> [ACTION ITEM] Your copy should start at the line with "I want to tell" and end at the line with "Check out this" in the data below. Transcribe only those lines, exactly, pictures excluded.

> [SUPPLIED RECORDS]

==========

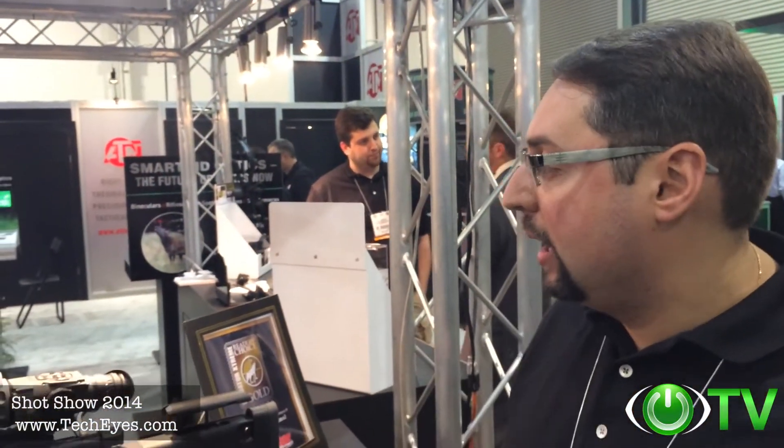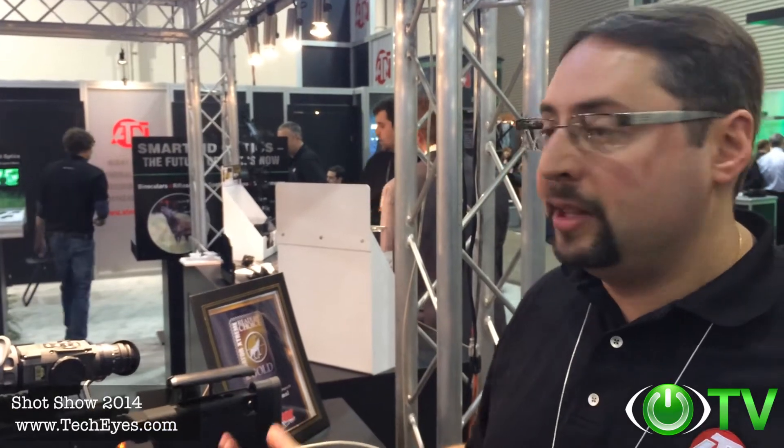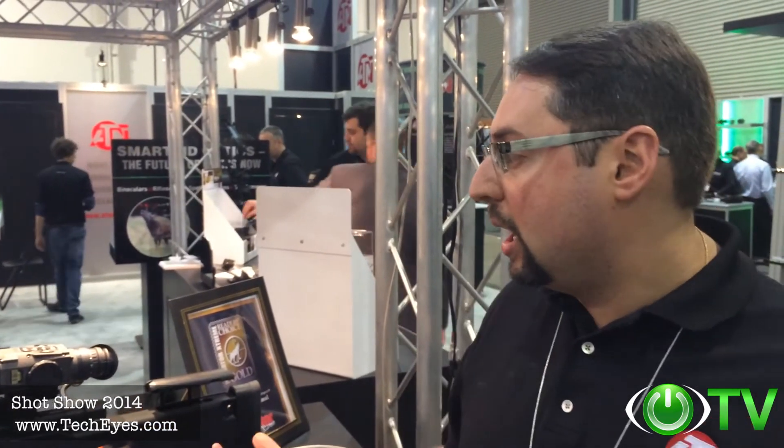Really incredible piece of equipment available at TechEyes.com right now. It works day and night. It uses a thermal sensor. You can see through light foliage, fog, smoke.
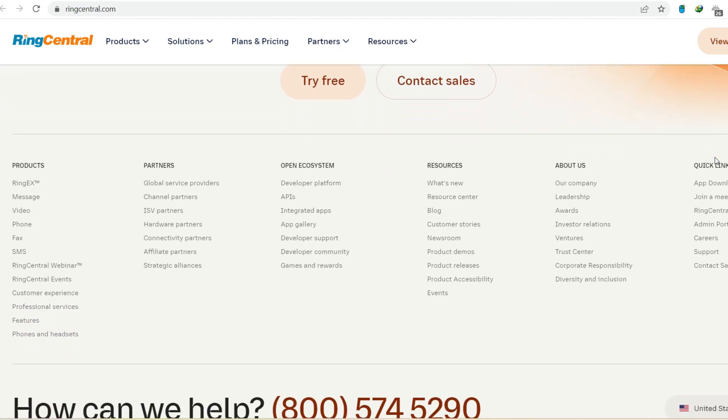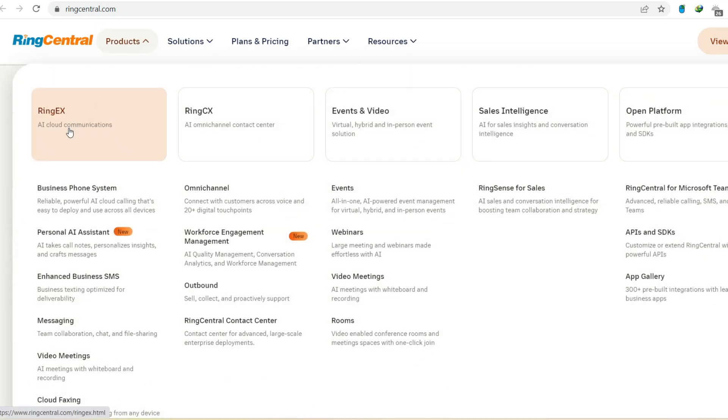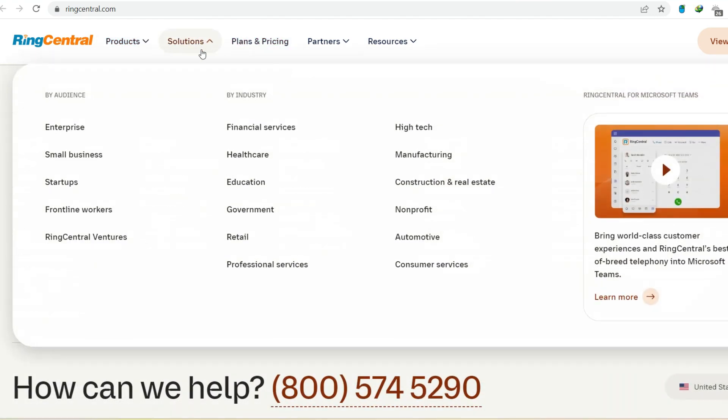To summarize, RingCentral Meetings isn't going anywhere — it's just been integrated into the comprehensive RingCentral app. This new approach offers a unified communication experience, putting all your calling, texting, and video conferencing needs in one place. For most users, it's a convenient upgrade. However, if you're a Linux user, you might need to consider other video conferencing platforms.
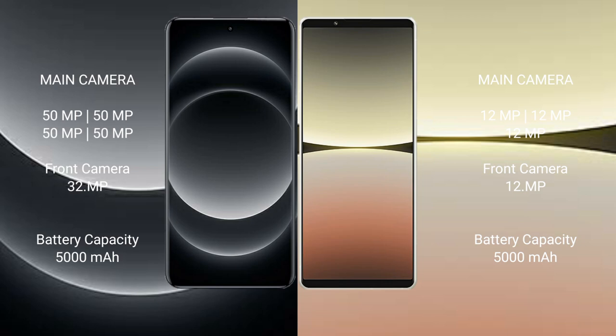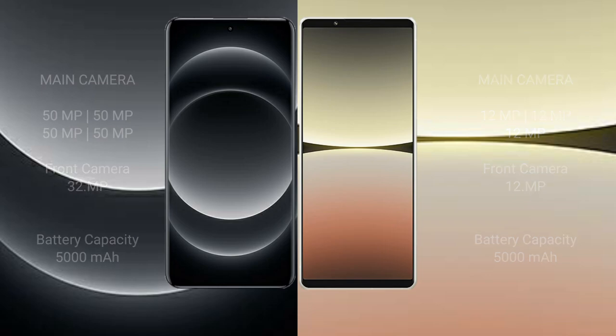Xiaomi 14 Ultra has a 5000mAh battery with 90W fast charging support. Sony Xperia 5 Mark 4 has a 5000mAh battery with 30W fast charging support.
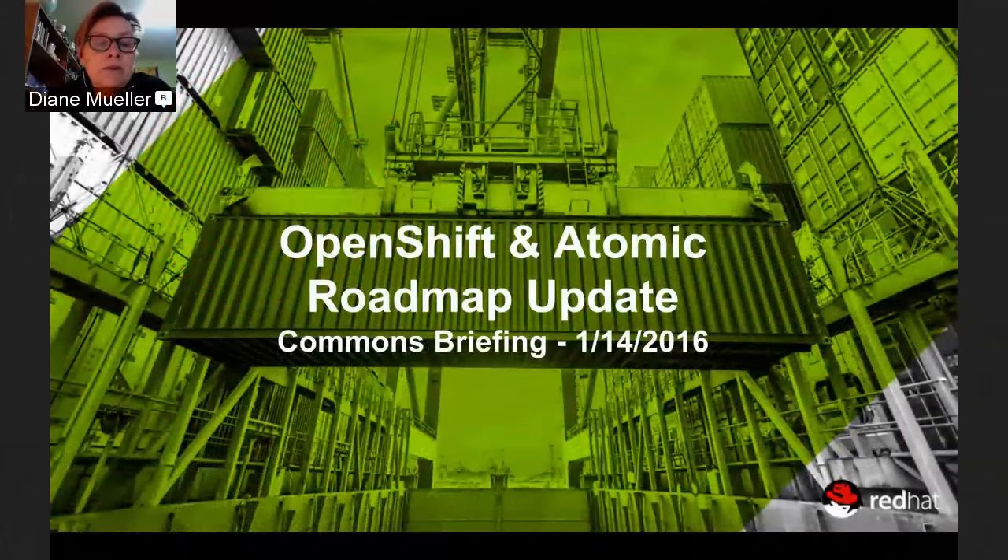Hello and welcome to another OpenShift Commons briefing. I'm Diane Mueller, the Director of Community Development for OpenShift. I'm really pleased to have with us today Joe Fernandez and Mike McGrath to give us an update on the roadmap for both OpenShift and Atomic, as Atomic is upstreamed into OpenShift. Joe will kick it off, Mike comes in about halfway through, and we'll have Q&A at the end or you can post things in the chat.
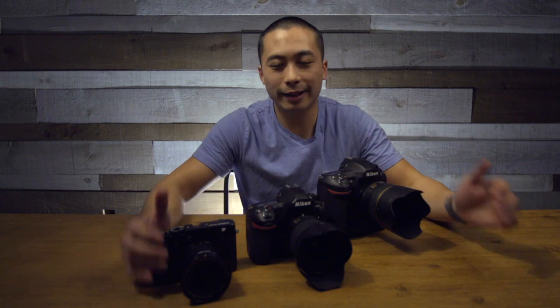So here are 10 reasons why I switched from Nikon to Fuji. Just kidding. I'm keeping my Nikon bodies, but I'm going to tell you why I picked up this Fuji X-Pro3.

==========

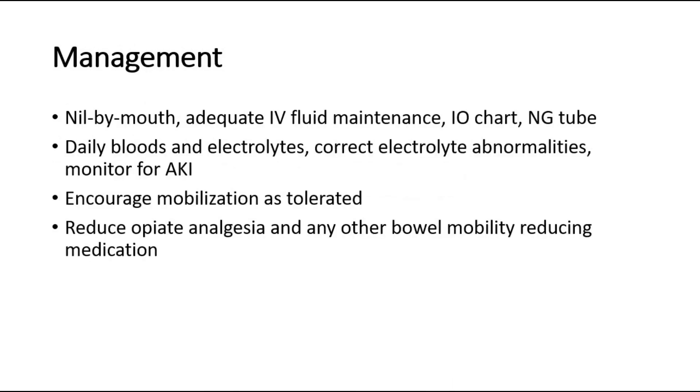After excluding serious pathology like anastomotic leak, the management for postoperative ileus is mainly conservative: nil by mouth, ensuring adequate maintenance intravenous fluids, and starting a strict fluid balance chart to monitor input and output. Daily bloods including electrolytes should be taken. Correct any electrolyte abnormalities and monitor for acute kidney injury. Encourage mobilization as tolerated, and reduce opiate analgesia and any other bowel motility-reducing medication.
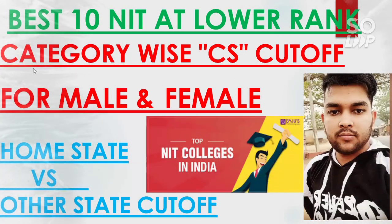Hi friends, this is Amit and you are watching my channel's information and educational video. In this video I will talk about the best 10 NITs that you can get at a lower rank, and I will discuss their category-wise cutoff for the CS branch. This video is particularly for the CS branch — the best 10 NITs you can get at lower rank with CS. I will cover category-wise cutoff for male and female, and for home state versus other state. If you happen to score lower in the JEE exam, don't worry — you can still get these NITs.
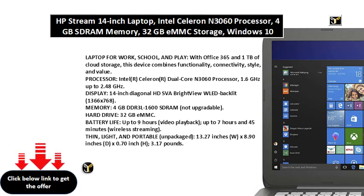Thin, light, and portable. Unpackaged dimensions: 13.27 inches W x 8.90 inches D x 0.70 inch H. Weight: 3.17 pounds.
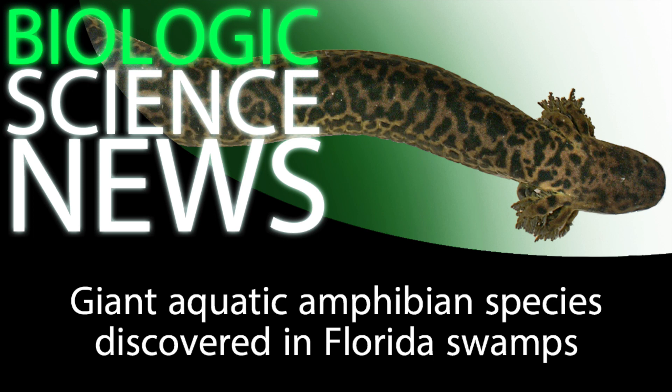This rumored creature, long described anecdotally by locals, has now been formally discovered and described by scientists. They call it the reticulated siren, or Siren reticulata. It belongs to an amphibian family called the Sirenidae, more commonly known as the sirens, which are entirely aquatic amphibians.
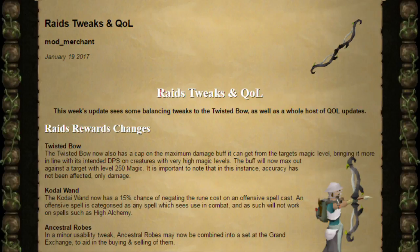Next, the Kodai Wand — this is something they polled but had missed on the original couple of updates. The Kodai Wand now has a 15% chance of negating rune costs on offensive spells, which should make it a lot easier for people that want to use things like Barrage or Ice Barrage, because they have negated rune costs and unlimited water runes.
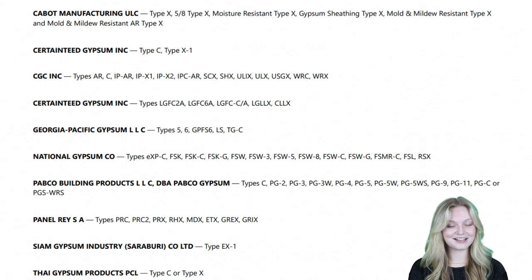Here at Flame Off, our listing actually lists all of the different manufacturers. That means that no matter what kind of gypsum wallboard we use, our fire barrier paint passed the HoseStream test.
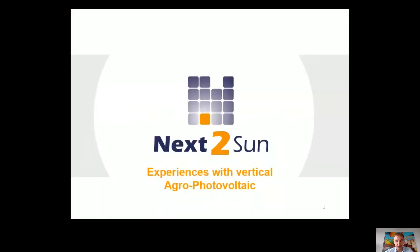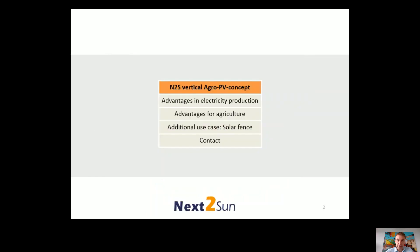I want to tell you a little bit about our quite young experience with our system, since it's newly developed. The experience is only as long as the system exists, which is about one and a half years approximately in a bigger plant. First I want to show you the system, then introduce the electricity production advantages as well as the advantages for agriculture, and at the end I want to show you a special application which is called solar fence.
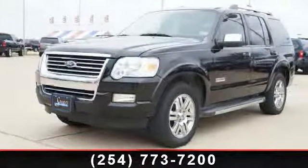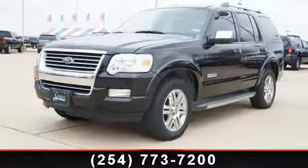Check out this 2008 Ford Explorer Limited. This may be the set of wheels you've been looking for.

==========

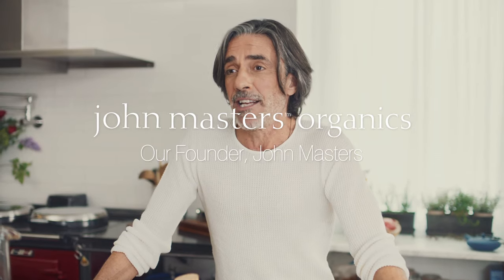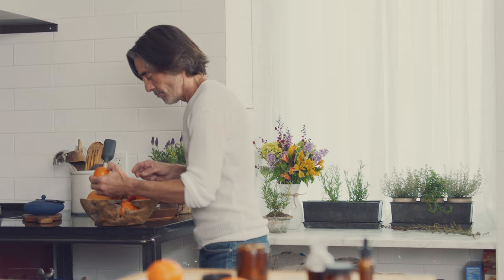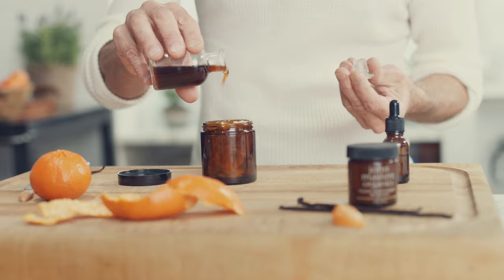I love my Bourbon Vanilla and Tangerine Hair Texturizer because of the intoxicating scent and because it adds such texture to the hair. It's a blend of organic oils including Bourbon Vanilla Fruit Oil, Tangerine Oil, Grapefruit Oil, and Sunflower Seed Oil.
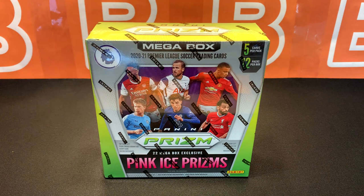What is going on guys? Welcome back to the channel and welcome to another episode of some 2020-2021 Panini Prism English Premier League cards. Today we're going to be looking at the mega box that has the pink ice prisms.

==========

> [OUTPUT FOR THIS EXERCISE]
I want to tell you a little bit about our quite young experience with our system, since it's newly developed. The experience is only as long as the system exists, which is about one and a half years approximately in a bigger plant. First I want to show you the system, then introduce the electricity production advantages as well as the advantages for agriculture, and at the end I want to show you a special application which is called solar fence.
Check out this 2008 Ford Explorer Limited. This may be the set of wheels you've been looking for.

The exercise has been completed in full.